§ PROBLEM TO SOLVE
Report every line in the records below that holds the word "Shorts".

[Records drawn from a dataset]
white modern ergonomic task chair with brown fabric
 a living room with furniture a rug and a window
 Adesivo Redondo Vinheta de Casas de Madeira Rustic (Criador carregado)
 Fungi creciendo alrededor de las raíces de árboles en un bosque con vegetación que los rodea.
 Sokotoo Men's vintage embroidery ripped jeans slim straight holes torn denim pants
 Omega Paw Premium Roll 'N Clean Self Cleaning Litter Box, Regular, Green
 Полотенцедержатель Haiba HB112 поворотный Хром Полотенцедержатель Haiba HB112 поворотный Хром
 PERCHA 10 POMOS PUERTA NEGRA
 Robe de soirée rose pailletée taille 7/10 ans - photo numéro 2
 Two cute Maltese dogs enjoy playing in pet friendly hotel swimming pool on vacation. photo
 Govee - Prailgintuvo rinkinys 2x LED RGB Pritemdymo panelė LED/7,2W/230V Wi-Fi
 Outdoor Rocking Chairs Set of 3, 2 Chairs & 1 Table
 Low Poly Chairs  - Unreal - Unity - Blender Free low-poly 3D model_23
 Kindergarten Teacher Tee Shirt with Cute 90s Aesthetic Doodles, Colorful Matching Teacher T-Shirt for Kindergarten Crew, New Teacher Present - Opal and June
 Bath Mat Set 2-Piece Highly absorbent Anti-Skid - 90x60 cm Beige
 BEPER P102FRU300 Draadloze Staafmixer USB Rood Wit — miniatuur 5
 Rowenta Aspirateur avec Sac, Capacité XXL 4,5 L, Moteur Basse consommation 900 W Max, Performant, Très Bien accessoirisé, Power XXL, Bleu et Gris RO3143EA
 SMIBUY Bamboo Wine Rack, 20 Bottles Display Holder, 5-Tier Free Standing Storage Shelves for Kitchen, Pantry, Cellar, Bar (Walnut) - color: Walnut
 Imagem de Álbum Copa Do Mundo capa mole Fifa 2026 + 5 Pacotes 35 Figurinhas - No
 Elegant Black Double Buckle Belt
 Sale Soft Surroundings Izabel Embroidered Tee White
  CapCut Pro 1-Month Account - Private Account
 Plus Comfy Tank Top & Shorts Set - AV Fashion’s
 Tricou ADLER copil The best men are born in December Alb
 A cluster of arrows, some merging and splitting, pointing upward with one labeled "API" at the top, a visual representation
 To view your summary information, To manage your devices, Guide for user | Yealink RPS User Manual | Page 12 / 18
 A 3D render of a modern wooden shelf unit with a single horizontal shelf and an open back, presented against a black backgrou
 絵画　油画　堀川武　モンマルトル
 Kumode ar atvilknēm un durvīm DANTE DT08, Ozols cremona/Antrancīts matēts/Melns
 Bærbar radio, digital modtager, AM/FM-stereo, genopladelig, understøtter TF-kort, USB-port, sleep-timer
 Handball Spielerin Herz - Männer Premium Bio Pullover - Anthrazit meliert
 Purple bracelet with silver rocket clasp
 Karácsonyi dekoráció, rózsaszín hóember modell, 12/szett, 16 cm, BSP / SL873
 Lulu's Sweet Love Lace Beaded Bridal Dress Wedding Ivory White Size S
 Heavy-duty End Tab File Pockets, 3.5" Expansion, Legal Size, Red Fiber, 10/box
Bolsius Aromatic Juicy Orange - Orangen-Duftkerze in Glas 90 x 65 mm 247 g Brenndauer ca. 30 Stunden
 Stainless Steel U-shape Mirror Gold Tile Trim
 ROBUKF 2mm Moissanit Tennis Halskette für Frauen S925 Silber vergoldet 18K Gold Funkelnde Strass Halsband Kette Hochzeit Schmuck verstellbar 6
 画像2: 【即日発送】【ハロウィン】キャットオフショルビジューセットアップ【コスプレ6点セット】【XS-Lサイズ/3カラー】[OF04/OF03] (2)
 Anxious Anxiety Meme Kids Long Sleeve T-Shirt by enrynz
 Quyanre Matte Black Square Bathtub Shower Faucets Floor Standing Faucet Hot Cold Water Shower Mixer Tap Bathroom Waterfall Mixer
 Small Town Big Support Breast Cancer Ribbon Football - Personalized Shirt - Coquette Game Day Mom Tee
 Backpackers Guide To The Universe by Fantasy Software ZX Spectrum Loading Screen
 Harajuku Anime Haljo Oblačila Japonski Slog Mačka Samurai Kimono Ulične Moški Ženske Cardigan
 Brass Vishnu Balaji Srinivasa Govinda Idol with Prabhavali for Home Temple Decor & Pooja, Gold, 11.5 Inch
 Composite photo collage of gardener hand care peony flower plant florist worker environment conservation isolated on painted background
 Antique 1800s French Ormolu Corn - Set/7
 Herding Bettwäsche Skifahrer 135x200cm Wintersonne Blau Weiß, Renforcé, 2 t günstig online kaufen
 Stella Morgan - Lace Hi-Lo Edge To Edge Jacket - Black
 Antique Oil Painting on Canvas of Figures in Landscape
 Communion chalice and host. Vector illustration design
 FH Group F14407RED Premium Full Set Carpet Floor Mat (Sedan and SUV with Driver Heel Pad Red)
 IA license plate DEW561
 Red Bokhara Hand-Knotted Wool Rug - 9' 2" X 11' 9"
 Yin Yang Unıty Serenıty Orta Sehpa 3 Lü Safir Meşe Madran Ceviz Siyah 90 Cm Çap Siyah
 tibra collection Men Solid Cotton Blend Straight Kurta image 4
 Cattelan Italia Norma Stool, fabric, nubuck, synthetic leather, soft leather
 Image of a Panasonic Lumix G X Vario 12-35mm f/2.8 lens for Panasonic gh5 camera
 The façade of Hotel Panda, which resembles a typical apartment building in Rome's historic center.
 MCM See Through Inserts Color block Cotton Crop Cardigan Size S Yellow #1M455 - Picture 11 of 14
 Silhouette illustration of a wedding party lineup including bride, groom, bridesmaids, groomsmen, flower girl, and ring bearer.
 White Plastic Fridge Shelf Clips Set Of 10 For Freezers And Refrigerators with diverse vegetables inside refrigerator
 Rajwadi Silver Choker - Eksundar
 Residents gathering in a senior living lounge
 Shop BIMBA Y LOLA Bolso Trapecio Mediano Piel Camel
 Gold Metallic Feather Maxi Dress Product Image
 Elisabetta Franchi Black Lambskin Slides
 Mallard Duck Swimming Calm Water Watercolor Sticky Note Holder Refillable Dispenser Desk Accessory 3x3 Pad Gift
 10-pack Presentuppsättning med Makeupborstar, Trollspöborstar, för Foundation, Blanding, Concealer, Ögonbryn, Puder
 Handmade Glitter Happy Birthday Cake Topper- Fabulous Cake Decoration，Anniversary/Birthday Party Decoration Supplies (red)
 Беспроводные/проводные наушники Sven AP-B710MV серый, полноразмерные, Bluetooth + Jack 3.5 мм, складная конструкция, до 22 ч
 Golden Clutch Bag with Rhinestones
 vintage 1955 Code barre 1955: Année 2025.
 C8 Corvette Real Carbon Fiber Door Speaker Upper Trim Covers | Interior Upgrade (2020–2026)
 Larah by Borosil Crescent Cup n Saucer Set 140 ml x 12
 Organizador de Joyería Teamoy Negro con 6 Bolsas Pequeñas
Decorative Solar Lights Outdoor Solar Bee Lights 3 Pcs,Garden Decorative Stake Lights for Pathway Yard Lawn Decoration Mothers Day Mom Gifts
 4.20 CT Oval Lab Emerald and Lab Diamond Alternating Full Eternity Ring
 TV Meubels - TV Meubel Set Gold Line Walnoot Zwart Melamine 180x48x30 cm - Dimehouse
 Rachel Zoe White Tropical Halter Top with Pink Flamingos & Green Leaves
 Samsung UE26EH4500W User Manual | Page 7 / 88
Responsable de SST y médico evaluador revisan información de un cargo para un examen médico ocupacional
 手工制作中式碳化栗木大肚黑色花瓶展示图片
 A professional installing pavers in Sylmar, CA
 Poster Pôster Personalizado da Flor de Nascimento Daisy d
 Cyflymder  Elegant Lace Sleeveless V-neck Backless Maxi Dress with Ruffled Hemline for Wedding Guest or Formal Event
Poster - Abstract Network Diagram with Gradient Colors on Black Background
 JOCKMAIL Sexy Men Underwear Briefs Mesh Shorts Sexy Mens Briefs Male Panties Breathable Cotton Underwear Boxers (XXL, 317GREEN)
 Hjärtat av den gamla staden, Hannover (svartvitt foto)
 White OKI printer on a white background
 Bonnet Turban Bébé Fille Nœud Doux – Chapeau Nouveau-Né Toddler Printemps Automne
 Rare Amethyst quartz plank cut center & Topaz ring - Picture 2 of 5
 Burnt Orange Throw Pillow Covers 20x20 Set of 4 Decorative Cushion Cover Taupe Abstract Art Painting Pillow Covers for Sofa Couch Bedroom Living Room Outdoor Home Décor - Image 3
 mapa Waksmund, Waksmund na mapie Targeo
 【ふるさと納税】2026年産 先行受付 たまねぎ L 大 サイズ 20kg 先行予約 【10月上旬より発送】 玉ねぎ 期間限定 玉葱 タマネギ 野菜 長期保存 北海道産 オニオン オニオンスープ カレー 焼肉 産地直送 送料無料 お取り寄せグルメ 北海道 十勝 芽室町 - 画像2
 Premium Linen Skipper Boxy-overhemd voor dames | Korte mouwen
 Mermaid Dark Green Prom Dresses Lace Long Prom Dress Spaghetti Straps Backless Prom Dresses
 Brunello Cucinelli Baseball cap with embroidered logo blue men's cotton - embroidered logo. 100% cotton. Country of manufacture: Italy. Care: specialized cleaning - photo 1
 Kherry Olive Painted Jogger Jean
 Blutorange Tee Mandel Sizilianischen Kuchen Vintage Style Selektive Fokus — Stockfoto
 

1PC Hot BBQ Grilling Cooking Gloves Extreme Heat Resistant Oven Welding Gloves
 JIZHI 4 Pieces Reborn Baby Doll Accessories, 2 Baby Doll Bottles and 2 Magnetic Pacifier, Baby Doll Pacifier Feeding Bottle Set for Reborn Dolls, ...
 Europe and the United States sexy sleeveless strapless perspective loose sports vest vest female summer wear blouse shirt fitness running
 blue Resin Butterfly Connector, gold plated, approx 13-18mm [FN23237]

§ RESPONSE TO THE TASK
 Plus Comfy Tank Top & Shorts Set - AV Fashion’s
 JOCKMAIL Sexy Men Underwear Briefs Mesh Shorts Sexy Mens Briefs Male Panties Breathable Cotton Underwear Boxers (XXL, 317GREEN)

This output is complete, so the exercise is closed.